Theater is one of my dearest loves, as is, of course, literature. Any time I can combine the two in my classroom, I do. Performance and role play help students embody the characters they read about in a unique, unforgettable way. I’ll often assign skits as summary, and I wouldn’t dream of teaching Shakespeare without a full cast of students at the front of the room, equipped with props, acting out every word. Not every text lends itself so readily to performance, though… but I appreciate an opportunity to step outside the box.
The past two years, I’ve been teaching A Tale of Two Cities as part of my AP Literature syllabus. Last year, I came up with a concept for a role-playing game that would help my students better understand what I like to call “The Jacques Effect” going on amongst the characters of the novel–secret names, a knit registry of those to be exectuted, plural identities, avowals of loyality, desperation, and greed.

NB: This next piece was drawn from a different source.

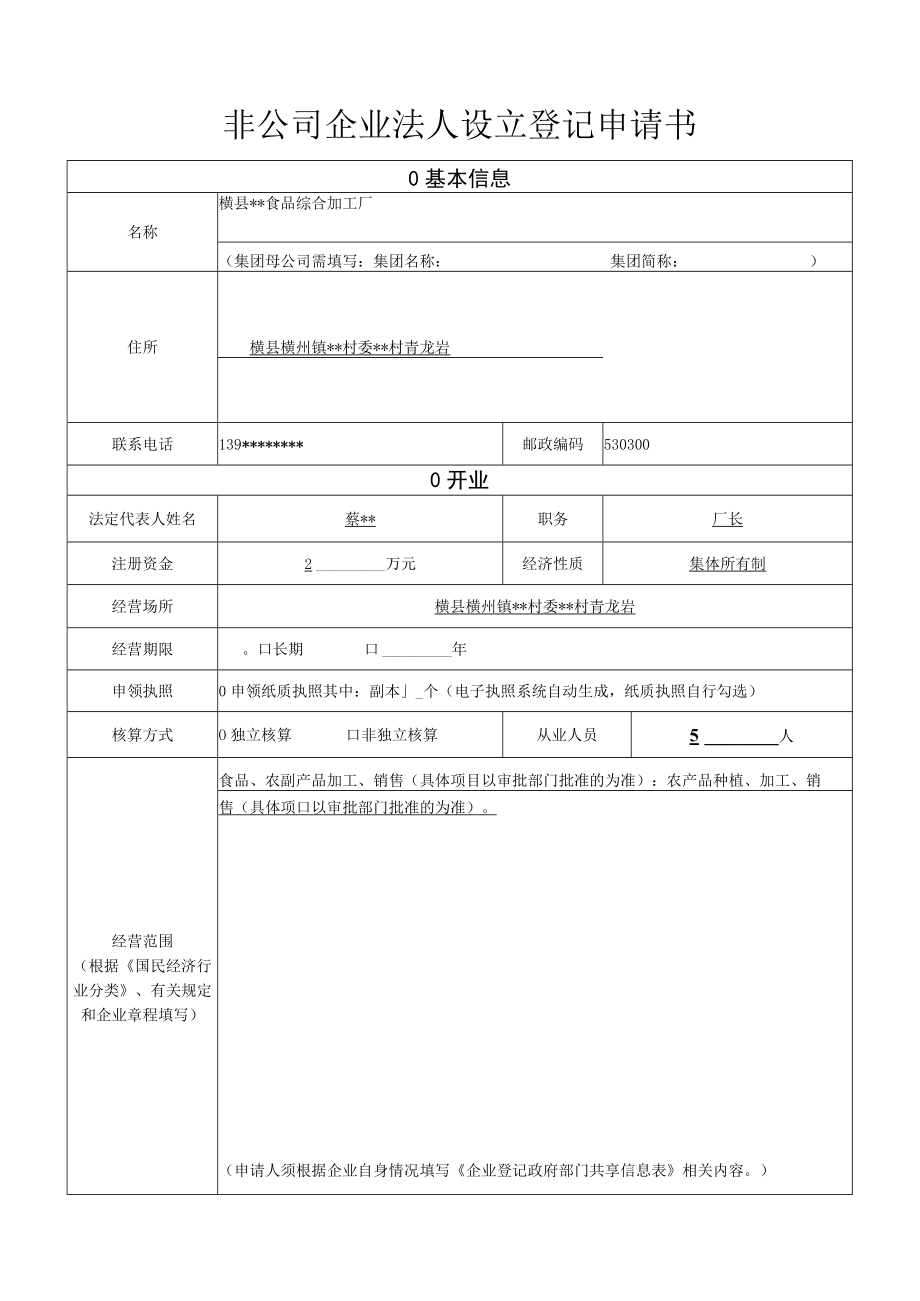 非公司企业法人设立登记申请书.docx_第1页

Dickens so clearly wanted his audience to feel the intensity and insistance of these historical realities surrounding the French Revolution, but it doesn’t always translate to the modern student, who can find herself simply confused about why the heck everybody is calling each other Jacques all the time, and why Charles Darnay would want to forsake his French inheritance and lay low in England.
Enter “The Jacques Experiment”–the now completed game, which I based off of similar theater games like “Mafia” or “Dinner Party” where an ensemble of actors in character greet one another, all the while trying to avoid a secret murderer. I took that format and specialized it to the historical setting of A Tale of Two Cities. I played the revised version with my students today and it was a huge hit. Not only that, but it really did reinforce their understanding of the novel. They are perfectly poised to read Chapter 16, “Still Knitting,” in which Madame Defarge sniffs out a spy posing as a fellow revolutionary.
Are you teaching this Dickens classic? Please enjoy and use the game, in .pdf form here:The Jacques Experiment . Educational. Hilarious. Challenging to the mind. And a way to see literature come to life before your eyes. (I had one student lurk in the corner, peering ominously over her “knitting” pencils… Guess what? She was a NOBLE!)